____ Data for analysis

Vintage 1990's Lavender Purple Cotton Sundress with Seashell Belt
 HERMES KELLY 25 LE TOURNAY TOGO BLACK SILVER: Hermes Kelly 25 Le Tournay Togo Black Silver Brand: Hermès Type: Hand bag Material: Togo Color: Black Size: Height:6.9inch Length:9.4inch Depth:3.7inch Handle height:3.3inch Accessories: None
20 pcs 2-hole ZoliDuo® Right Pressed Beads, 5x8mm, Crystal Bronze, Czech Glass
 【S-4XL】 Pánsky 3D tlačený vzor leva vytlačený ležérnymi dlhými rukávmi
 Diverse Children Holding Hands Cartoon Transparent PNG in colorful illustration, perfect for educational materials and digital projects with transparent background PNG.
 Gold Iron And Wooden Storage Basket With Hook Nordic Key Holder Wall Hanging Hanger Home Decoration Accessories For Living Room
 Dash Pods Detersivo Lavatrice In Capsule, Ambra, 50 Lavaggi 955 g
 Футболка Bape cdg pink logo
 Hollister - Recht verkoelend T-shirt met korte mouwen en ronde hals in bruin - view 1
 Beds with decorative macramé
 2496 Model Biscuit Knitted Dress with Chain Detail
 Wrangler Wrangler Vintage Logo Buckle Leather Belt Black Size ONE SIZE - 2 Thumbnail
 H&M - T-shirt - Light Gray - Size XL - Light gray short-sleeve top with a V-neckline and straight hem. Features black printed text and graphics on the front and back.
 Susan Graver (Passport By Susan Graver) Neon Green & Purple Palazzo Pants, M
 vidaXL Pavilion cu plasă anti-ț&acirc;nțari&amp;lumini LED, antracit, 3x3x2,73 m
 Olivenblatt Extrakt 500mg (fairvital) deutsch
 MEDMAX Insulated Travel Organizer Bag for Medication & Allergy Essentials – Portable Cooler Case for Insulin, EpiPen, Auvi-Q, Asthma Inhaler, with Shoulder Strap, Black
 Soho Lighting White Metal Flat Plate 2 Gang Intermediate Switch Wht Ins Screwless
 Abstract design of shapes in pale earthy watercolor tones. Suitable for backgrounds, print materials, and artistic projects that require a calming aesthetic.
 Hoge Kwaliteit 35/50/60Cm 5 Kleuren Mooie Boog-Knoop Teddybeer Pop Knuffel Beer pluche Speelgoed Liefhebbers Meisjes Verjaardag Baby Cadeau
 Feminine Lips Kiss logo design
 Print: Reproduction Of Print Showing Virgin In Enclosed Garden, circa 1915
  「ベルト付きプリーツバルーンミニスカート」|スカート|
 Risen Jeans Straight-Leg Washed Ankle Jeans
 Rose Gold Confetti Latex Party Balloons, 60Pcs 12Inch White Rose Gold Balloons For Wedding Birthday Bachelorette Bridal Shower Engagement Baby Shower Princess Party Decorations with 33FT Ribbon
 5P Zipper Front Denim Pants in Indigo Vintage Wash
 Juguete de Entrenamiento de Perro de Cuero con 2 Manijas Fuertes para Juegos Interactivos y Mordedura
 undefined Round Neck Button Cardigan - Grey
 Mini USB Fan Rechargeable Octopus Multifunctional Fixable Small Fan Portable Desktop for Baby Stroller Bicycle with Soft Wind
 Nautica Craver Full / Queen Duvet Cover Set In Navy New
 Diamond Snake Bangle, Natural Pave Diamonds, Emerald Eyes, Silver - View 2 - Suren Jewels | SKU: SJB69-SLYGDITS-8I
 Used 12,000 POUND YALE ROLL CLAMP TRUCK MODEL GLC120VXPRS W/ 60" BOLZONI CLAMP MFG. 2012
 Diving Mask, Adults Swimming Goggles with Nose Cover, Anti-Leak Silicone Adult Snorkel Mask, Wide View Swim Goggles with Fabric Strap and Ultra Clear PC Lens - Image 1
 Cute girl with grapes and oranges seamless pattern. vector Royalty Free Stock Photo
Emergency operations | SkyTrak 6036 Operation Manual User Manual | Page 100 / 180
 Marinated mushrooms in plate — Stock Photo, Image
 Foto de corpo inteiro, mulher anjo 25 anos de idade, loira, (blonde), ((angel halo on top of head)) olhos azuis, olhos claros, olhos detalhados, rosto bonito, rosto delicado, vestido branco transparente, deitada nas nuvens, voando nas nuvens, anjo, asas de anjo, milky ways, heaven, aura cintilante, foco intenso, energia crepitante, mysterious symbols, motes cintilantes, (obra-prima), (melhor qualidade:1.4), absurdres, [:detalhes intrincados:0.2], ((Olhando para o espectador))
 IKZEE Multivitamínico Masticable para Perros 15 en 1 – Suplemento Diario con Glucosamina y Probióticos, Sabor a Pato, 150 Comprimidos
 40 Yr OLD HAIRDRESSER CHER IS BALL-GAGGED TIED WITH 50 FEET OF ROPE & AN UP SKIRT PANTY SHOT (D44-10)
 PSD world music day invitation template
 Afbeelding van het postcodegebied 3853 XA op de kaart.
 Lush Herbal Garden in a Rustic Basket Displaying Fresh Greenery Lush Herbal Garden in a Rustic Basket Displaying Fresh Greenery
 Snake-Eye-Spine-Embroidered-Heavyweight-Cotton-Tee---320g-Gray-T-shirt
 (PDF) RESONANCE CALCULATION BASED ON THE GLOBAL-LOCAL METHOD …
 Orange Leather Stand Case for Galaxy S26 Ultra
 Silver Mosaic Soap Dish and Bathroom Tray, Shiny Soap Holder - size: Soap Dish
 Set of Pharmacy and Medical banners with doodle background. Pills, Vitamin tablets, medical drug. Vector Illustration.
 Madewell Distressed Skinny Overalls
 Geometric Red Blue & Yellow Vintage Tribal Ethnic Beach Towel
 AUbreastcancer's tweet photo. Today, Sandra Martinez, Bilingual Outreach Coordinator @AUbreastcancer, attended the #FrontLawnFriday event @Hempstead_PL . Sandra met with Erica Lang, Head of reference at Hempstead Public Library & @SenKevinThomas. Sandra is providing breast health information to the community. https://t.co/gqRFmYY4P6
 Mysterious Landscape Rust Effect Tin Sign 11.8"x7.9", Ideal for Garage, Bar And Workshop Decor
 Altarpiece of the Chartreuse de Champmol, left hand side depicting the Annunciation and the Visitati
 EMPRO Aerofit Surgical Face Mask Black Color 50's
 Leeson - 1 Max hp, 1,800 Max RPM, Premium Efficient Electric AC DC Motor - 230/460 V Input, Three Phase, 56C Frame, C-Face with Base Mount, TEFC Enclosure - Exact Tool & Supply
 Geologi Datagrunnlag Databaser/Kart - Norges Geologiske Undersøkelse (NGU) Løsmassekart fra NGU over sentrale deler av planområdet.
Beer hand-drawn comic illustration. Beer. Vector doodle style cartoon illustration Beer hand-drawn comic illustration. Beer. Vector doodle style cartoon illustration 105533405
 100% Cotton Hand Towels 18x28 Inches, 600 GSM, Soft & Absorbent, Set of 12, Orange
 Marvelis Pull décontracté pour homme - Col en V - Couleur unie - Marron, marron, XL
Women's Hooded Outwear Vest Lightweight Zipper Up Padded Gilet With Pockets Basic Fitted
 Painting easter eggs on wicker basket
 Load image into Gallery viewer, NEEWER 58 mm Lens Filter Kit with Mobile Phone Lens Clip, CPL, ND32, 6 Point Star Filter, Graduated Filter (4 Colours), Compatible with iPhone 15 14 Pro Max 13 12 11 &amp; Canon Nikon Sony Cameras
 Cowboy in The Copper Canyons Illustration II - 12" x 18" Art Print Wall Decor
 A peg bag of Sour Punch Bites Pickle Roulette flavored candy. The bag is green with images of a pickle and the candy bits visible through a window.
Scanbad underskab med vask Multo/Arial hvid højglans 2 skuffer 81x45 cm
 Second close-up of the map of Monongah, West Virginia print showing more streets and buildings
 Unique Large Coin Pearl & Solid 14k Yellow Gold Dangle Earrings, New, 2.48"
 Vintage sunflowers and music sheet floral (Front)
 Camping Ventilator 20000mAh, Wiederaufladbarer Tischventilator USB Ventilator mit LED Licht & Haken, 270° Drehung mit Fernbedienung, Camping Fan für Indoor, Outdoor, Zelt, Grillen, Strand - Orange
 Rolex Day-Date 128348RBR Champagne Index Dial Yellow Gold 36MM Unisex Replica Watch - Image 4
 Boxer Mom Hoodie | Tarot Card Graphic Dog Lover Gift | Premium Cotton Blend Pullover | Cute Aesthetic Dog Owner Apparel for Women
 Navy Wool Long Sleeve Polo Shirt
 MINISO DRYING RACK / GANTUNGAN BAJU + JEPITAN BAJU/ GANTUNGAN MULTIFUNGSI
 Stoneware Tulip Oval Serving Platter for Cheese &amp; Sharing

________

=== Task description ===
Of the records above, copy each line that includes "Purple".

=== Response area ===
Vintage 1990's Lavender Purple Cotton Sundress with Seashell Belt
 Susan Graver (Passport By Susan Graver) Neon Green & Purple Palazzo Pants, M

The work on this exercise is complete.